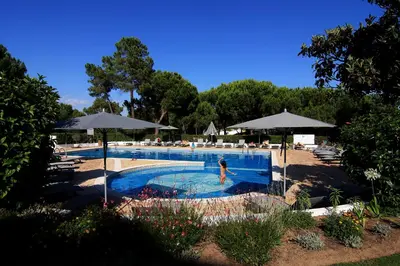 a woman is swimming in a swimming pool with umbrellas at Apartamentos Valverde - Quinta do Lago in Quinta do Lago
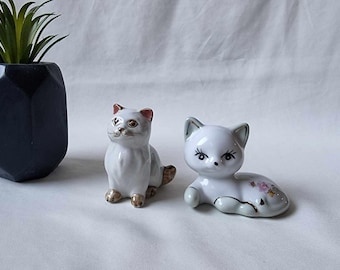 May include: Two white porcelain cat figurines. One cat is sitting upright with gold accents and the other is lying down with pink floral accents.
...
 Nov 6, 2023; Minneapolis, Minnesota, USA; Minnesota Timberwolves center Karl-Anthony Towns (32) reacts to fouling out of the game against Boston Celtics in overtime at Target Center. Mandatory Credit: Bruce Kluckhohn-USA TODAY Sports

(WHAT YOU HAVE TO DO): Starting with the line that contains "a woman is swimming" and finishing with the line that contains "May include: Two", reproduce every line of the material above exactly, but not the pictures.

(EXERCISE RESPONSE):
 a woman is swimming in a swimming pool with umbrellas at Apartamentos Valverde - Quinta do Lago in Quinta do Lago
 May include: Two white porcelain cat figurines. One cat is sitting upright with gold accents and the other is lying down with pink floral accents.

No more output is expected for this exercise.